**Task item**
Please repeat, exactly and without pictures, the lines of the entries below that run from the one containing "Klasse B L1 paarden" through the one containing "Beauties (flower girls)".

**Records to process**
- - - -

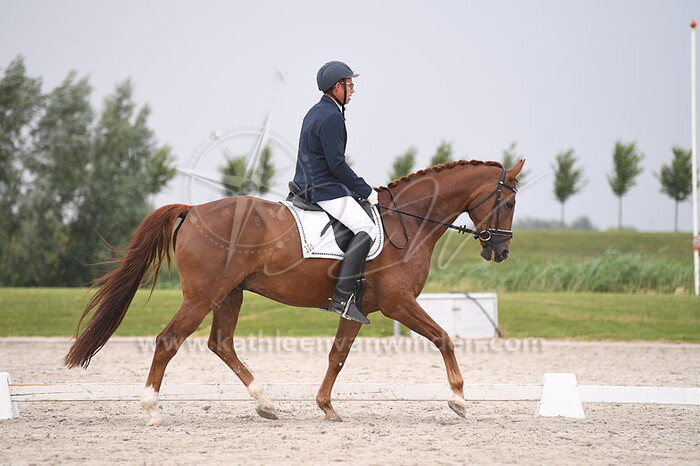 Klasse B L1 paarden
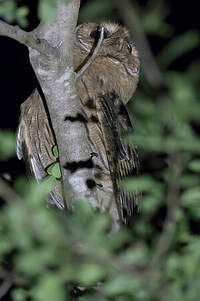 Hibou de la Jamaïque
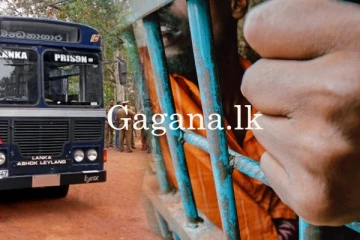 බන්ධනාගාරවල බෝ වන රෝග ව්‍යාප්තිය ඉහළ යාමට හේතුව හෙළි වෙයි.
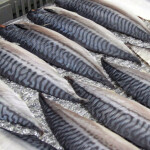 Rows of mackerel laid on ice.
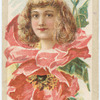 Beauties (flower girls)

- - - -

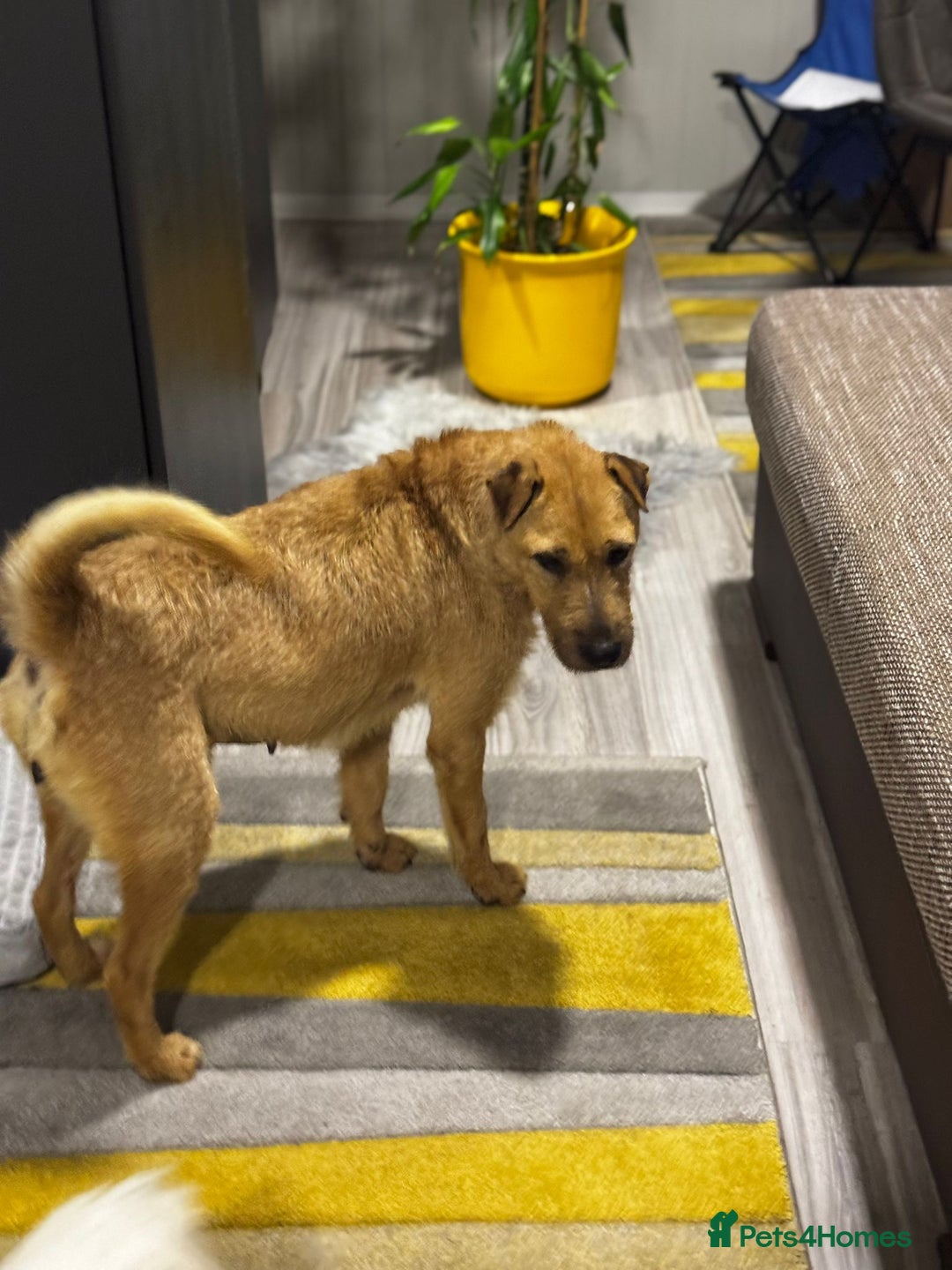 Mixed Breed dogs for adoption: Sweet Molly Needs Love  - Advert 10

- - - -

**Solution for this task**
 Klasse B L1 paarden
 Hibou de la Jamaïque
 බන්ධනාගාරවල බෝ වන රෝග ව්‍යාප්තිය ඉහළ යාමට හේතුව හෙළි වෙයි.
 Rows of mackerel laid on ice.
 Beauties (flower girls)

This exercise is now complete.